Ms. Johnson sighed. “We want other black people to know that they can do that, too!”
“Is that how you see me? As black?”
Ms. smiled. “Of course, honey.”
Cynthia sighed in resignation, sitting back in her chair, dropping her arms.. “And that’s why this country is still racist.”
Celebrating the history of Americans with black skin is important to our children, but not because they’re black. It’s because they made a difference. At some point in the evolution of two integrating cultures, there must come an end to special treatment in order to forcibly homogenize the divergent cultures. While there was a place and time to single out the accomplishments of Americans with dark skin, today we must stop singling them or anyone out due to their innate physical aspects (the hallmark of negative discrimination) and fully integrate all divergent histories into one tapestry of our ancestors, bound together through our mutual pursuit of freedom and the American dream of building your own future with your own two hands and intelligent mind. Never forget what they did, but make it American History, not African-American history, or Irish-American History. While there might be a place to remember in the cozy warmth of your home, in a government of the people, by the people and for the people, we must treat people as people first and only.

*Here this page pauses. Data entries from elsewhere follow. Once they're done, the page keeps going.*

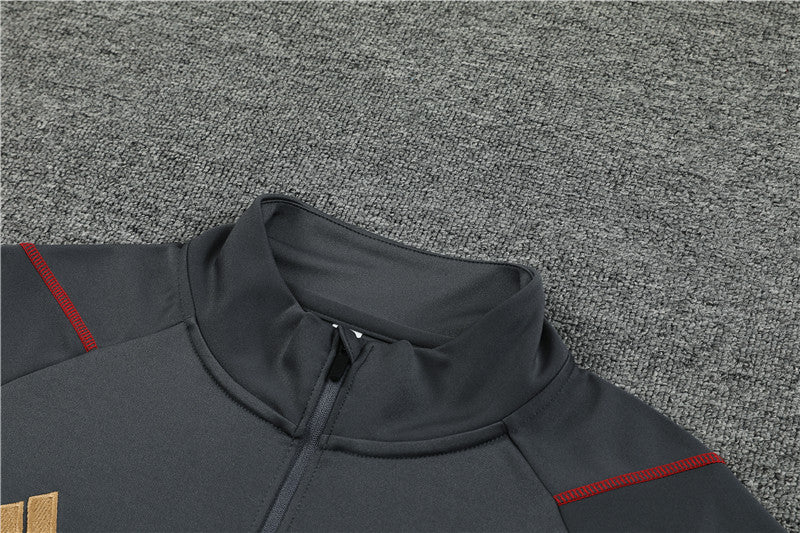 23/24 Arsenal FC Dark Grey And Gold 1/4 Zip Tracksuit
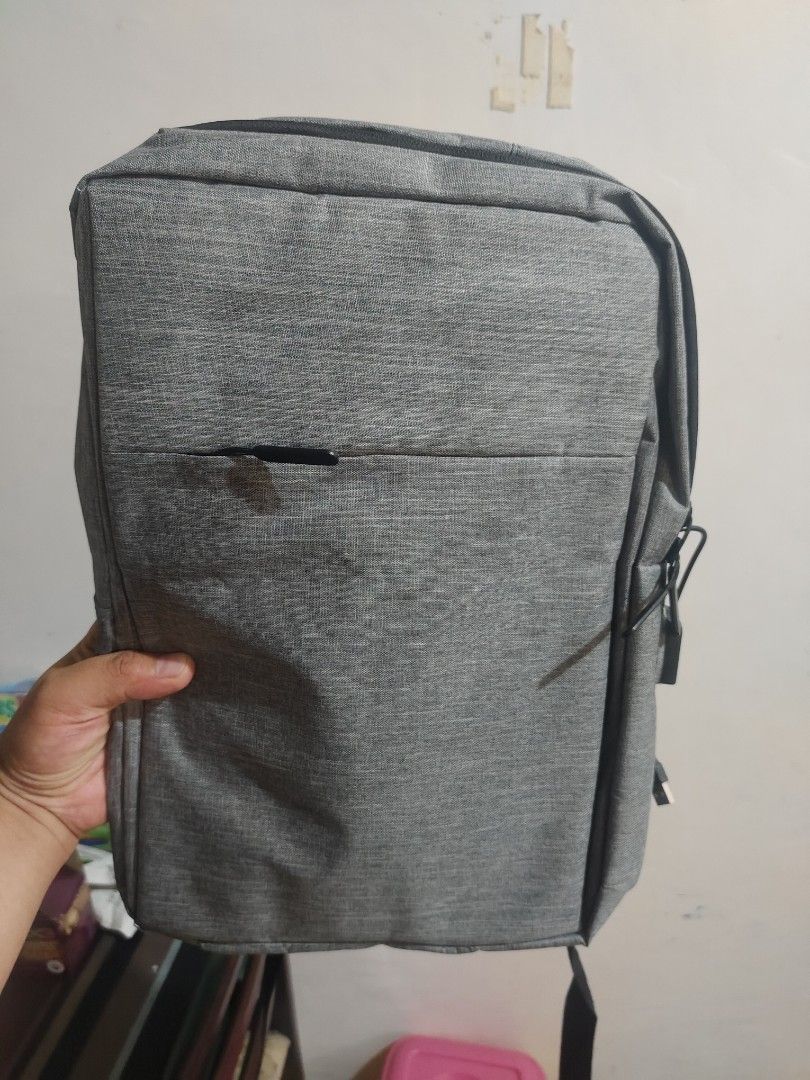 Gray Backpack (Category: Backpacks) located in Manila. Submitted by deleonaj182 (Listing ID 1408122295, Image 1). Description: - Gray backpack - Brand New - Front pocket - Adjustable straps - Spacious interior with multiple compartments - Durable material - Sleek design - Dimensions: Approximately 12" wide x 16" tall - Suitable for everyday use.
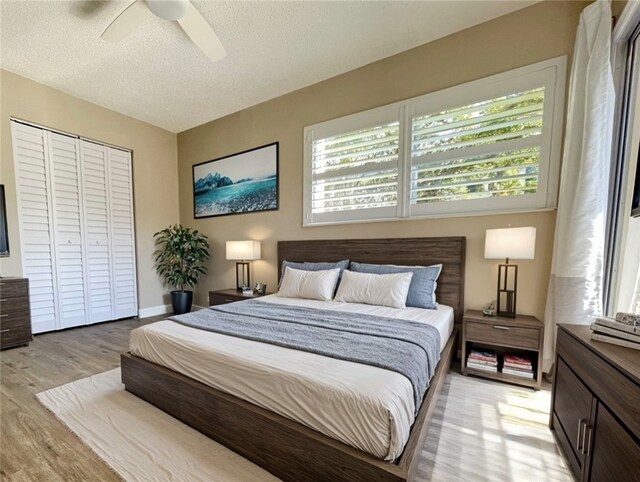 bedroom with ceiling fan, multiple windows, a closet, and a textured ceiling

Is there still disparity and mistreatment? Yes. Is some of it still racist? Yes. But we have to start treating this less as racism and more as ignorance. Coloring the ignorance will only promote it. We have to treat it for the root, not the symptom. And never must we forget that it doesn’t matter what other people think of us, whether it is someone white belittling someone black or someone black belittling someone white, we are all people, and it’s not what people call you, but what you answer to. People aren’t black or white or yellow, they are humans deserving of respect. My tale is nothing more than an encouragement to end the celebration of our differences and promote the unity of that which brings all people together — love, life, family, friends and faith.